Los artículos de Opinión de Antonio Balsalobre

Puentes rotos

Martes, 31 de diciembre

Veo a un grupo de jóvenes bailar en el puente de Aviñón. Sur le pont d’Avignon, on y danse, on y danse… El puente es el de Saint-Bénezet, construido en el siglo XIII: el único que había entonces. Aunque más que un puente es un medio puente, pues solo llega a la mitad del río. La parte que falta para alcanzar la otra orilla se la llevó tantas veces la corriente durante las crecidas impetuosas del Ródano que, tras varias reconstrucciones, hubo un momento en el siglo XVII en que desistieron de seguir reparándolo. Más tarde se levantaron puentes más modernos, pero este sigue ahí, como un juguete roto. Incompleto e inutilizado, pero bello por su arquitectura y su trágico destino.

Un barco eléctrico nos cruza a la otra orilla. Una cortesía del ayuntamiento. Las vistas desde allí sobre la ciudad son sobrecogedoras. Destaca por su grandiosidad el Palacio de los Papas. ¿A qué son bailaban, por cierto, los pontífices de entonces? Tuvo que venir en el siglo XIV una crisis política, social y religiosa mayor, con constantes luchas de poder entre las familias nobles romanas, para que la sede del papado fuera trasladada a Aviñón, un espacio más neutral, donde los pontífices buscaban liberarse del yugo de los reyes con el fin de ejercer su autoridad e influencia política con más autonomía, así en la tierra como en el cielo.

Son otros tiempos, y también el papa Francisco busca hacer oír su voz en el mundo, no sé si con la misma intención. En todo caso, es de agradecer que haya exhortado a que callen la armas por estas fechas, evocando “la situación humanitaria gravísima” en Gaza. El genocidio, vamos.

Vuelvo a contemplar a esos jóvenes que no paran de danzar, y me pregunto si no habrá demasiados puentes rotos, que los humanos hemos desistido de reconstruir, sobre los que seguimos bailando alegremente.

Gisèle Pelicot

Jueves 2 de enero

En las paredes de las calles de Aviñón quedan todavía restos de carteles llamando a la movilización frente al Palacio de Justicia el pasado 25 de noviembre. Además de conmemorar el Día Internacional de la Mujer, el movimiento feminista Mujeres Solidarias organizó ese día una manifestación y una cadena solidaria en apoyo a Gisèle Pelicot.
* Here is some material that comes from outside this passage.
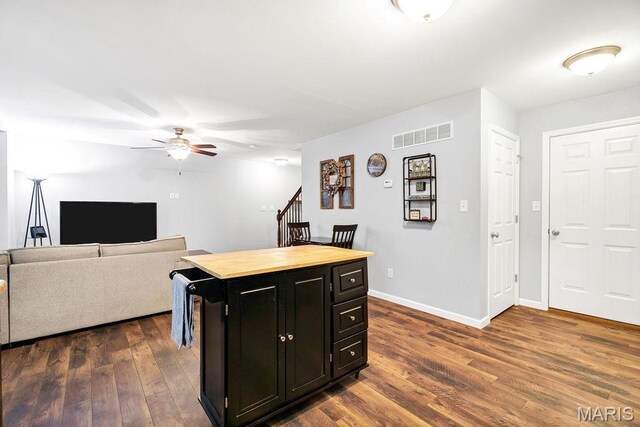 28 Loris Ln, Saint Charles, MO 63303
El edificio que alberga la Corte judicial es una edificación moderna y funcional con la que uno se topa por poco que se dé un paseo por las afueras de la muralla que rodea la antigua ciudad, a la altura de la Porte Limbert. En su interior se ha juzgado en los últimos meses uno de los casos de violencia sexual más espeluznantes en décadas. Como recordarán, un desaprensivo fue acusado por su exmujer, Gisèle Pelicot, de haber introducido a lo largo de diez años a más de 50 hombres en su casa para violarla, tras drogarla previamente con ansiolíticos.

Perversión, infamia, son las palabras que más se repiten cuando se habla del asunto. ¿Cómo explicarse, además, me dicen, que el autor de esa monstruosidad fuera un padre de “apariencia intachable” o que esas cosas puedan ocurrir cerca de donde uno vive? Aprovecho para recordar que en Murcia también hemos tenido no hace mucho nuestro “caso”: una trama de reconocidos empresarios igualmente “intachables” implicados en una red de explotación sexual y prostitución infantil, que ha acabado, por cierto, beneficiándose de penas más que livianas.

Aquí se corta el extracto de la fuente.